PROBLEM: Below is a listing to write out in full, exactly as given, without its pictures.

DATA SEGMENT:
● ● ●
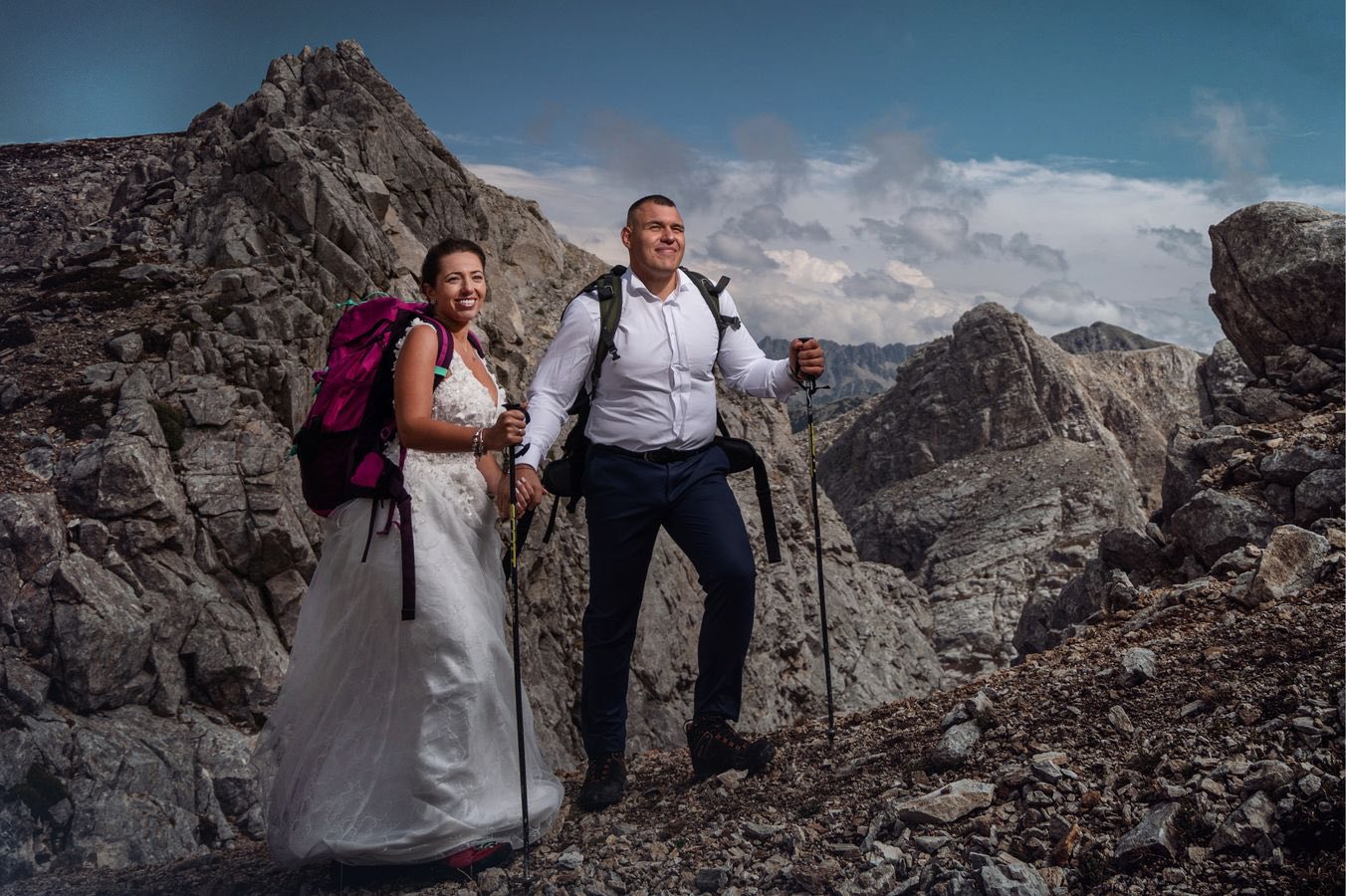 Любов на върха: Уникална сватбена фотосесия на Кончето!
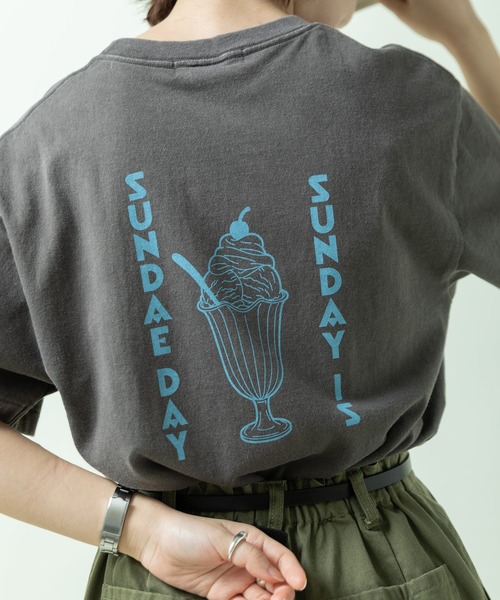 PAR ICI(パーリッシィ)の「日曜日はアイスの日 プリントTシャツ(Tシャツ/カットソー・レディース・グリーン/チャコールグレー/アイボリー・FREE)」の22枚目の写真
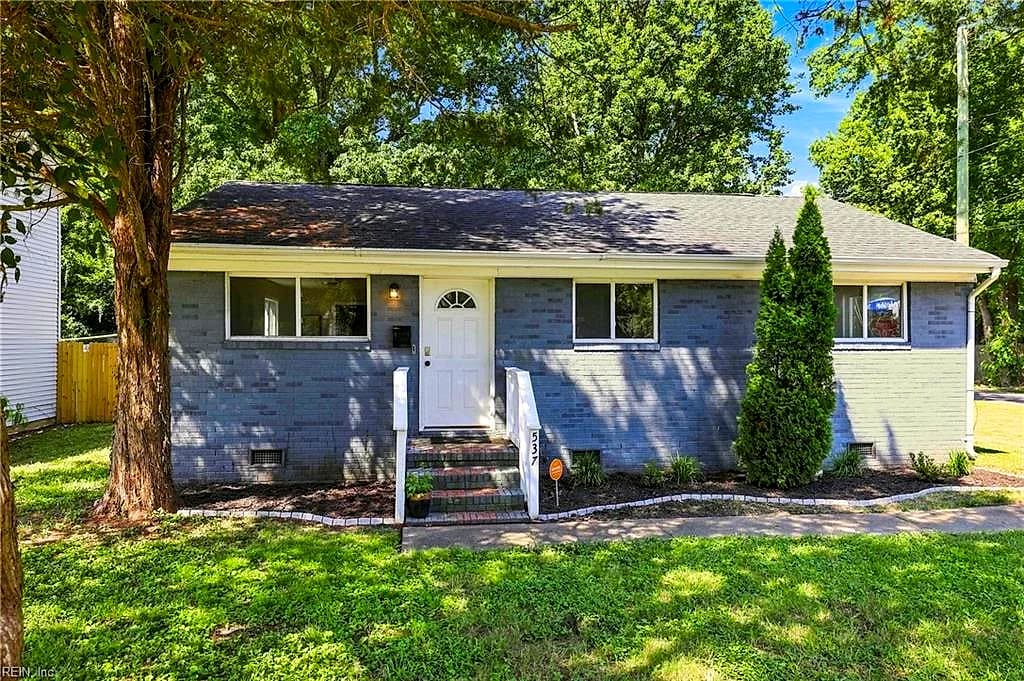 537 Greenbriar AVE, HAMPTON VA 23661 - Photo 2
● ● ●
FINISHED TASK:
 Любов на върха: Уникална сватбена фотосесия на Кончето!
 PAR ICI(パーリッシィ)の「日曜日はアイスの日 プリントTシャツ(Tシャツ/カットソー・レディース・グリーン/チャコールグレー/アイボリー・FREE)」の22枚目の写真
 537 Greenbriar AVE, HAMPTON VA 23661 - Photo 2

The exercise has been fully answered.